Supplied material
++++++++
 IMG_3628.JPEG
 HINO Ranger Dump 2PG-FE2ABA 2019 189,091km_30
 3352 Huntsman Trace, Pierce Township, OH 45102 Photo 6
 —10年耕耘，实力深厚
++++++++
Prompt
The answer should be an exact copy of the data.

Answer for this exercise
 IMG_3628.JPEG
 HINO Ranger Dump 2PG-FE2ABA 2019 189,091km_30
 3352 Huntsman Trace, Pierce Township, OH 45102 Photo 6
 —10年耕耘，实力深厚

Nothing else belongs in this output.